Beau, mais hors-sujet
Revenons aux peintures de Dhewadi Hadjab. L’artiste avait déjà exposé deux toiles impressionnantes de plus de trois mètres de hauteur dans ce même lieu en 2021. Il y mettait en scène des corps féminins suspendus dans un équilibre précaire, les pieds ancrés sur un prie-Dieu vacillant. Son pinceau capturait l’instant où le corps, dans une tension palpable, se défaisait et se redéfinissait. C’était beau, spectaculaire ; mais hors sujet. Le prie-Dieu, devenu un objet instable, n’était qu’un prétexte sur lequel on glosa. Certes, ces œuvres exprimaient un équilibre précaire, une tension entre chute et élévation qui pouvait faire écho aux descentes de croix, mais, comme le relevait la galeriste Françoise Paviot dans la revue Narthex, pour l’artiste, l’œuvre n’était pas « religieuse ». Dont acte.
En 2021, Hadjab démontrait déjà sa maîtrise de la composition et la poésie de son utilisation de la pose et des modèles ; une approche corporelle inspirée de la danse contemporaine, notamment celle de Pina Bausch. Cette beauté des corps contorsionnés se retrouve dans ces deux nouvelles œuvres liées à la conversion de Saul, futur Paul. Avec Je tombai à terre et j’entendis une voix et Me voici, Seigneur !, Hadjab s’attaque à un sujet prestigieux illustré par les plus grands noms de la peinture occidentale. Il met en scène avec brio des corps en tension, reflétant à la fois la chute physique de Paul sur le chemin de Damas et sa transformation spirituelle. Si le contraste entre la matérialité du corps et la transcendance de l’expérience religieuse est magnifiquement rendu, une nouveauté surprend : un jogging.
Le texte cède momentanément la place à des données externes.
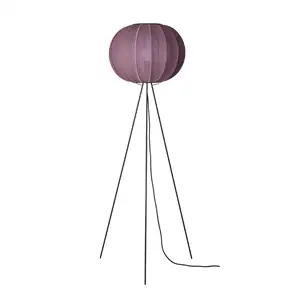 Made By Hand - Gulvlampe - Knit-Wit 45 Round Floor High - Burgundy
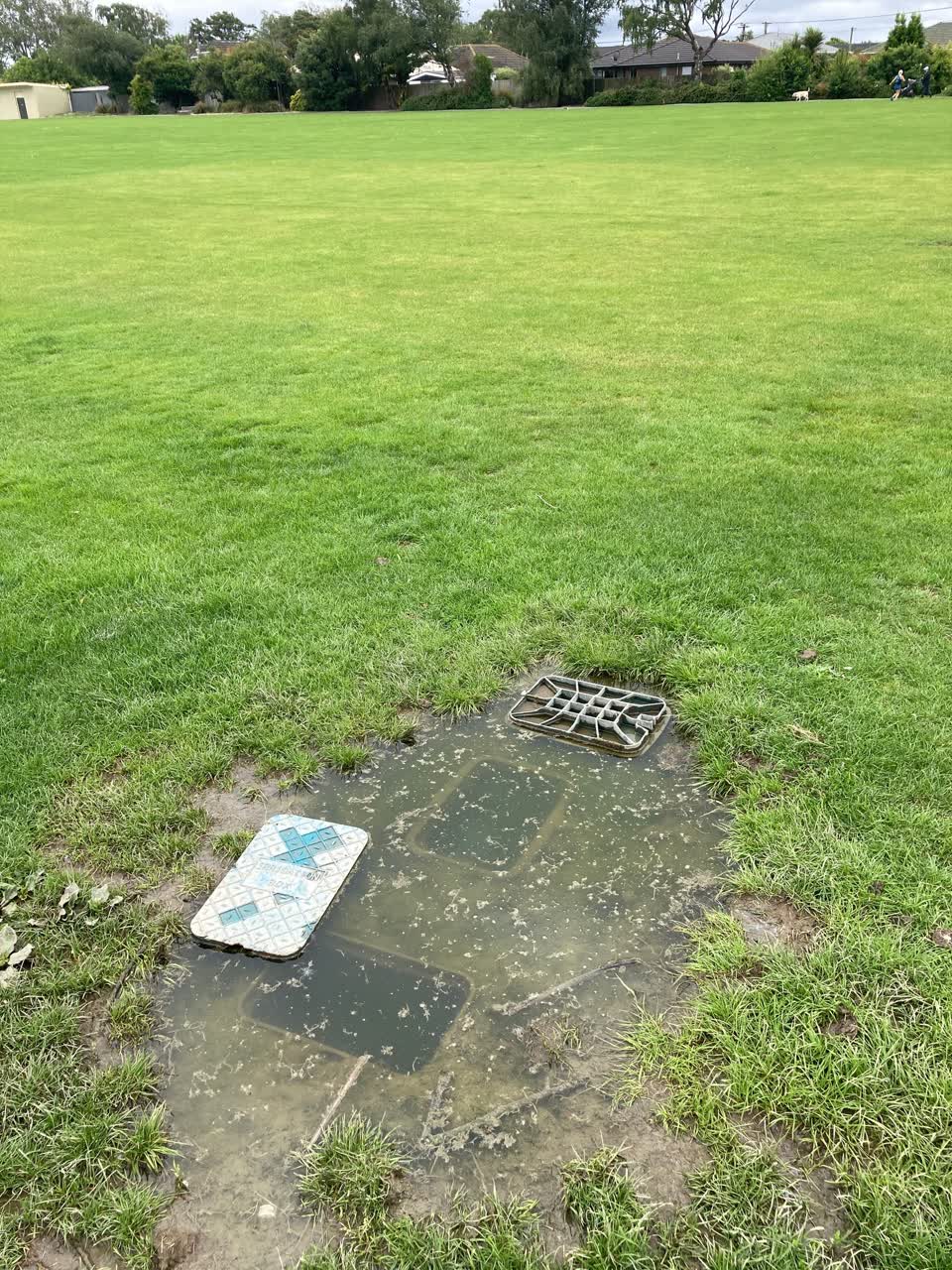 The photograph attached to this wastewater/stormwater report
La cuirasse du légionnaire
Introduire des éléments contemporains dans les compositions religieuses est une idée judicieuse. Piero Della Francesca n’hésitait pas à le faire en son temps et plus récemment, Bruno Desroche avait introduit des jeans dans un chemin de croix. Il ne s’agit donc pas de remettre en question ce principe, ni même de discuter la marque ou le textile. En revanche, on peut se demander s’il est opportun de vêtir Paul d’un jogging Adidas, alors qu’on le représente traditionnellement comme un guerrier romain. Cette représentation était pertinente dans la mesure où, avant sa conversion, Paul persécutait les chrétiens ; et un légionnaire incarne cette figure de persécuteur. Doit-on en déduire que les persécuteurs d’aujourd’hui portent des joggings ? L’artiste a sans doute reproduit un vêtement familier, peut-être dans l’idée de créer un lien avec les jeunes de banlieue fréquentant le quartier. Mais alors, comment interpréter ce choix vestimentaire ? Faut-il y voir un parallèle avec le costume des persécuteurs de chrétiens ? La question reste ouverte : comment représenter Paul aujourd’hui ? Quel est l’équivalent contemporain de la cuirasse du légionnaire ? Un jean ? Un jogging ? L’uniforme d’un CRS ? Espérons que Dhewadi Hadjab et d’autres artistes se saisiront de cette question. Leurs œuvres contribueront au renouvellement de l’iconographie d’un saint qui sera toujours notre contemporain.